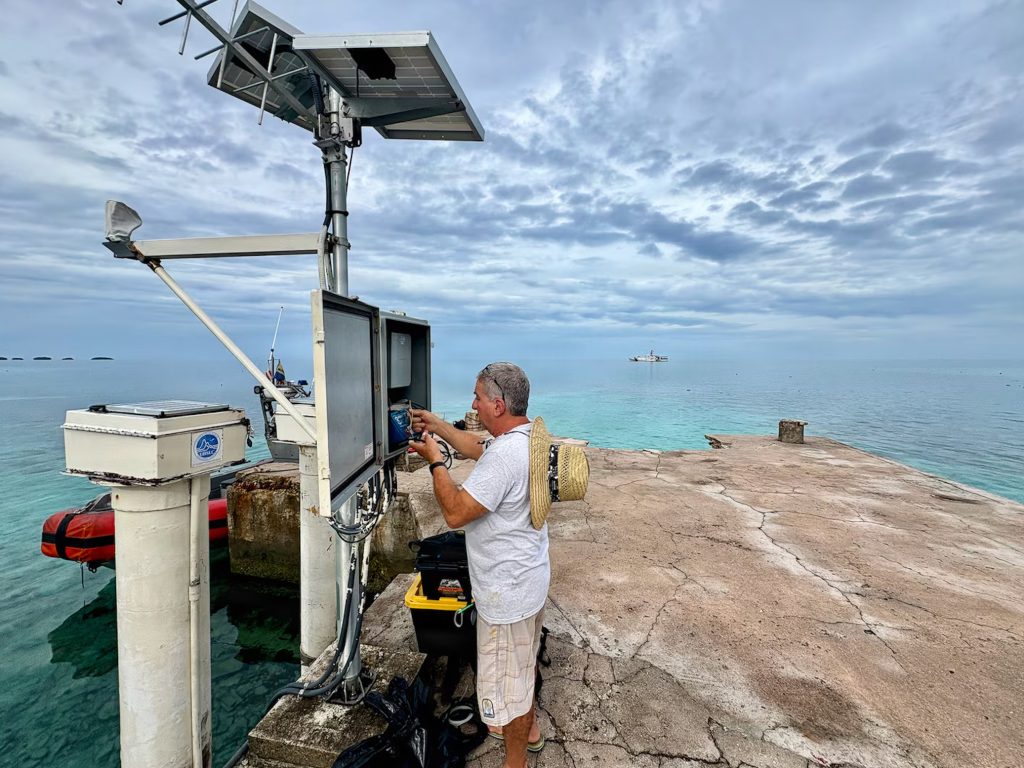 The crew of the U.S. Coast Guard Cutter Oliver Henry restored a critical tsunami early warning station on a remote Pacific atoll. (Photo Credit: U.S. Coast Guard)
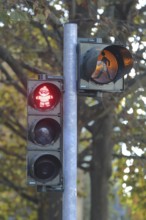 Red pedestrian traffic light with orange flashing light and Mainzelmännchen as symbol to stand,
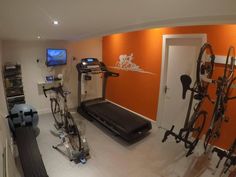 a home gym with treadmills, exercise bikes and other personal items in the room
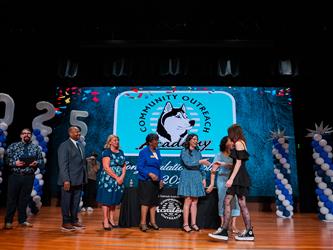 student shaking admin hands on stage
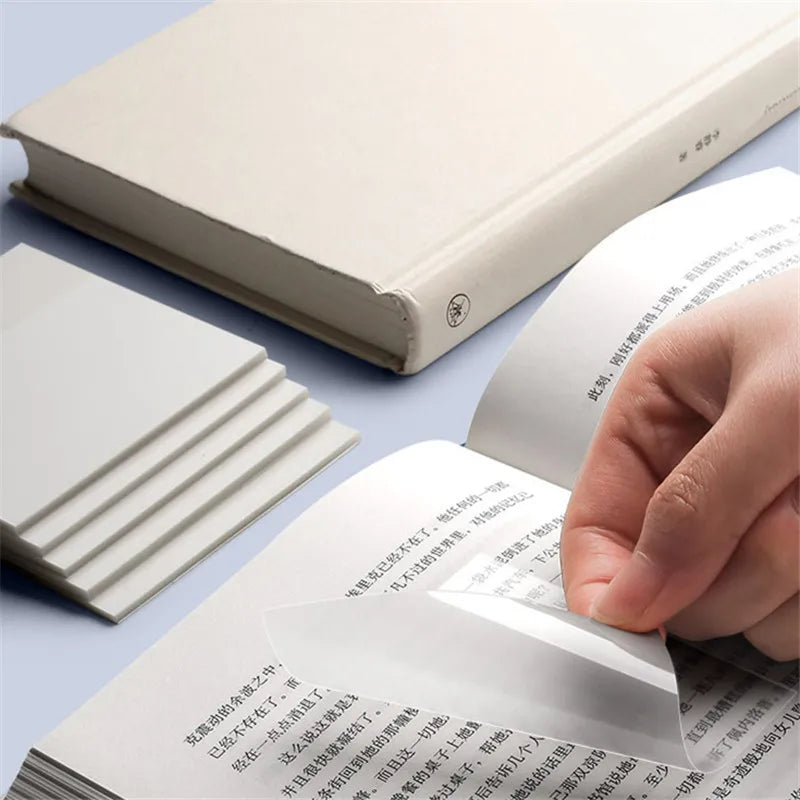A hand is holding and turning a sheet of transparent sticky notes memo pads next to a stack of white memo pads.
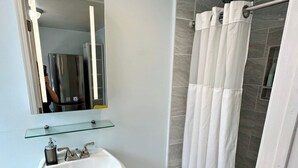 A bathroom with a pedestal sink, a glass shelf above it, a shower with a white curtain, and a tiled floor. - Welcoming studio in El Cerrito for a cozy getaway (El Cerrito)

**Task goal**: Only the lines from the one that contains "a home gym with" through the last line of the records may appear in the answer, retyped exactly and with no pictures.

**Exercise output**:
 a home gym with treadmills, exercise bikes and other personal items in the room
 student shaking admin hands on stage
A hand is holding and turning a sheet of transparent sticky notes memo pads next to a stack of white memo pads.
 A bathroom with a pedestal sink, a glass shelf above it, a shower with a white curtain, and a tiled floor. - Welcoming studio in El Cerrito for a cozy getaway (El Cerrito)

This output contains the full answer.